A research grant awarded to a Lancaster University professor will establish a new Centre of Excellence to improve safeguarding outcomes and aspects of the Family Justice system.
Professor Lauren Devine, new to Lancaster University, has been awarded £2.09m from the Economic and Social Research Council (ESRC) towards a £2.5m+ project applying corpus linguistics – the use of computers to study large datasets of language – across contemporary aspects of safeguarding and the family justice system.
The project is one of only six chosen to receive a share of the ESRC’s £12.1m Large Grant investment announced today. The selected projects address a range of pressing regional, national, and international issues, generating real impacts to benefit communities.
Led by Lancaster, with hubs (LABs) at Aston and Birmingham City University, Professor Devine will establish a multi-site centre of excellence, the CLASS Centre (Centre for Corpus Linguistic Approaches to Safeguarding Studies).
Professor Devine’s team will use the grant to create corpus linguistic resources and tools to help understand and improve the experience of vulnerable children and families who face inequalities. The project aims to reduce vulnerable families becoming disproportionately involved in safeguarding processes and will also make recommendations to improve their experience where involvement is necessary.
The project outputs will include a website, a new model for global safeguarding protocols, a toolkit for improving access to justice and listening to family voices in the family justice system, and new tools to improve children’s online safety.
Professor Devine said: “I am delighted that our project has been selected for funding by the ESRC. Lancaster is the ideal University to lead this project and build on the work of the Corpus Approaches to Social Sciences (CASS) Centre, extending into this new field of corpus-linguistic studies. The project brings together established researchers from linguistics, law, and data science. It also creates several new posts for early career researchers and doctoral studies who will work to develop new methods, protocols, and resources to improve aspects of safeguarding and the family justice system.”
ESRC executive chair Stian Westlake added: “These large-scale projects bring together world-class researchers to address important, global issues that affect some of the world’s most vulnerable people.

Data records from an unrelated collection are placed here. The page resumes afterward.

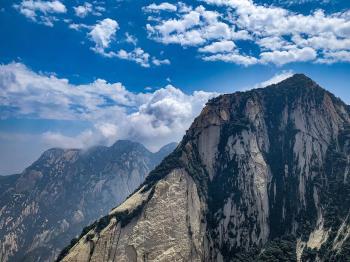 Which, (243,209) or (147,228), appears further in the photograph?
(243,209)

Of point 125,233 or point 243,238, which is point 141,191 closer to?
point 125,233

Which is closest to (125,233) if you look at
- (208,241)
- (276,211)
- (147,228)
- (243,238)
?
(147,228)

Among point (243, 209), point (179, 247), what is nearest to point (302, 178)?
point (243, 209)

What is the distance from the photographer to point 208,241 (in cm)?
17538

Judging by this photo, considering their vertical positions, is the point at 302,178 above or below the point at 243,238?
above

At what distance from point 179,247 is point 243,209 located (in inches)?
1562

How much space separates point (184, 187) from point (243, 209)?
2853 centimetres

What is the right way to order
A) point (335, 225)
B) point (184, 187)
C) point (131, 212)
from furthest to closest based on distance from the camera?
point (184, 187) < point (131, 212) < point (335, 225)

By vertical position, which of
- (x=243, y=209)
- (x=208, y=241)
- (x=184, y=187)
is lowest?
(x=208, y=241)

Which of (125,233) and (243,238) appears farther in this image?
(243,238)

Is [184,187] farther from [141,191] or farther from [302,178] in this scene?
[302,178]

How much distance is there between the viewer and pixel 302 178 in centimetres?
19638

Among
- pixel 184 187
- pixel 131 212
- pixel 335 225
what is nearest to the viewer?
pixel 335 225

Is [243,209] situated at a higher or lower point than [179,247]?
higher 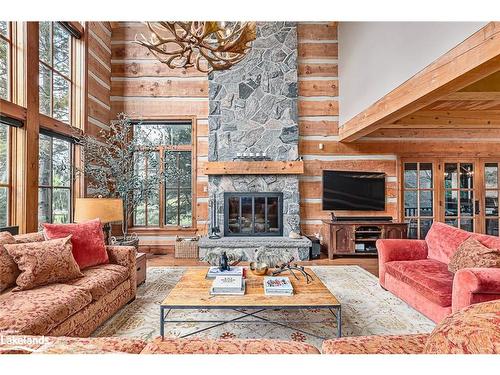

They are a great example of how the ideas and inspiration of social science researchers can help shape our thinking on long-term societal challenges.”
In addition to the £12.1 million from the ESRC, the Arts and Humanities Research Council (AHRC) is contributing £500,000 to a project on flood and heat resilience.
The other five projects receiving grants are:
- Economic opportunities across racial and ethnic groups in the United Kingdom, led by Professor Imran Rasul at the Institute for Fiscal Studies (IFS)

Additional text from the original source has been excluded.